Codeforces Round #715 (Div. 2)
A - Average Height
int main() {
IOS;
for (cin >> _; _; --_) {
cin >> n; VI a[2];
rep (i, 1, n) cin >> m, a[m & 1].pb(m);
if (a[0].size() < a[1].size()) swap(a[1], a[0]);
for (auto &i : a[0]) cout << i << ' ';
for (auto &i : a[1]) cout << i << ' '; cout << '\n';
}
return 0;
}
B - TMT Document
int main() {
IOS;
for (cin >> _; _; --_) {
cin >> n >> s + 1; int x = 0, y = 0, z = 0;
rep (i, 1, n) {
if (s[i] == 'T') {
if (y) --y, ++z;
else ++x;
} else {
if (x) --x, ++y;
else --z, y += 2;
}
if (z < 0) break;
}
cout << (z >= 0 && x == 0 && y == 0 ? "YES\n" : "NO\n");
}
return 0;
}
C - The Sports Festival
经典的区间dp
ll f[N][N];
int main() {
IOS; cin >> n; memset(f, 0x3f, sizeof f);
rep (i, 1, n) cin >> a[i], f[i][i] = 0; sort(a + 1, a + 1 + n);
rep (l, 2, n) rep (i, 1, n - l + 1)
f[i][i + l - 1] = min(f[i][i + l - 2], f[i + 1][i + l - 1]) + a[i + l - 1] - a[i];
cout << f[1][n];
return 0;
}
D - Binary Literature
让某两个串公用\(n\)个\(0\) or \(1\) 即可
pair<int, string> a[3];
int main() {
IOS;
for (cin >> _; _; --_) {
cin >> n >> a[0].se >> a[1].se >> a[2].se;
a[0].fi = a[1].fi = a[2].fi = 0;
rep (i, 1, n * 2) rep (j, 0, 2) a[j].fi += a[j].se[i] == '1';
sort(a, a + 3, [](pair<int, string>& a, pair<int, string>& b) { return a.fi < b.fi; });
char c = '1'; string t;
if (a[1].fi < n) swap(a[0], a[2]), c = '0';
int i, j;
for (i = 0, j = 0; max(i, j) < 2 * n; t += c, ++i, ++j) {
while (i < a[1].se.size() && a[1].se[i] != c) t += a[1].se[i++];
while (j < a[2].se.size() && a[2].se[j] != c) t += a[2].se[j++];
}
while (i < 2 * n) t += a[1].se[i++];
while (j < 2 * n) t += a[2].se[j++];
while (t.size() < 3 * n) t += c;
if (t.size() > 3 * n) t.pop_back();
cout << t << '\n';
}
return 0;
}
E - Almost Sorted
设\(a(n)\)表示长度为\(n\)的序列有几种排列
显然\(a(0) = a(1) = 1\)
注意到, 我们只能反转连续的一段, 毕竟要约束\(a_i + 1 \leqslant a_{i + 1}\)

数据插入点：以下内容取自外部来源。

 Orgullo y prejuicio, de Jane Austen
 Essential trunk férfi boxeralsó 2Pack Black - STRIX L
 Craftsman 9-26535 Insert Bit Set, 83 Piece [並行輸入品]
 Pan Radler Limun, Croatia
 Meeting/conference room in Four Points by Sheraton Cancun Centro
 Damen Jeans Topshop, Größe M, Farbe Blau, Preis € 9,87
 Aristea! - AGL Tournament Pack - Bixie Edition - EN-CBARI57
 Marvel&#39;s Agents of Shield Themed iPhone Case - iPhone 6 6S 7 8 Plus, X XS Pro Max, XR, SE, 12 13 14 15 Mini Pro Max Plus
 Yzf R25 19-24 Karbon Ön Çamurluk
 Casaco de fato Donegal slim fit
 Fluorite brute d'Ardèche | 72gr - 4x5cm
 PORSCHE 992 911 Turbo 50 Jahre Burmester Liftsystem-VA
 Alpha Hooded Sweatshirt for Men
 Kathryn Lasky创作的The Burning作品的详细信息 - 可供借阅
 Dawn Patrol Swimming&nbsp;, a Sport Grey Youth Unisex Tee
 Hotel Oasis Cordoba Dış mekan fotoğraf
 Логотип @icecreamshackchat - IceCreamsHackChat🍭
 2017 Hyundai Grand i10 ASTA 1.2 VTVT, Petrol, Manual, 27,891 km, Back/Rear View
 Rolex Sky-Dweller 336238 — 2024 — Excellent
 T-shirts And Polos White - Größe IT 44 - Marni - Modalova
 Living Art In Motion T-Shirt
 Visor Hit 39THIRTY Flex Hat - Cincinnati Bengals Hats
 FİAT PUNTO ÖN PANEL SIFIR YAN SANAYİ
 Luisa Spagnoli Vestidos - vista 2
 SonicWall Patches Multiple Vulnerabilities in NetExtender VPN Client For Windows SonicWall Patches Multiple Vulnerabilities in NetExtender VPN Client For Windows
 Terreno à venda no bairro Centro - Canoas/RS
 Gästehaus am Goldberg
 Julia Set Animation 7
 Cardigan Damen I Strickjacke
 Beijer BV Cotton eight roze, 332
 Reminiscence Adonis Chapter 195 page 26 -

故\(a(n) = \sum_i^{n - 1} a(i)\) 即 \(a(n) = 2^n\)
爆精度? \(k <= 1e18\) 求道某个\(a(n) >= 1e18\) 不就好了
然后就是找位置即可
int main() {
IOS; a[1] = a[0] = 1;
rep(i, 2, 1e5) {
a[i] = a[i - 1] << 1;
if (a[i] <= 0 || a[i] >= 1e18) break;
}
for (cin >> _; _; --_) {
ll k; cin >> n >> k; set<int> st;
if (a[n] > 0 && k > a[n]) { cout << "-1\n"; continue; }
rep(i, 1, n) st.insert(i);
per(i, n, 1) {
if (a[i - 1] <= 0 || a[i - 1] >= k) cout << *st.begin() << ' ', st.erase(st.begin());
else {
int l = *st.begin(), r = l;
while (a[i - 1] < k)
k -= a[i-- - 1], ++r;
per(i, r, l) cout << i << ' ', st.erase(st.begin());
}
}
cout << '\n';
}
return 0;
}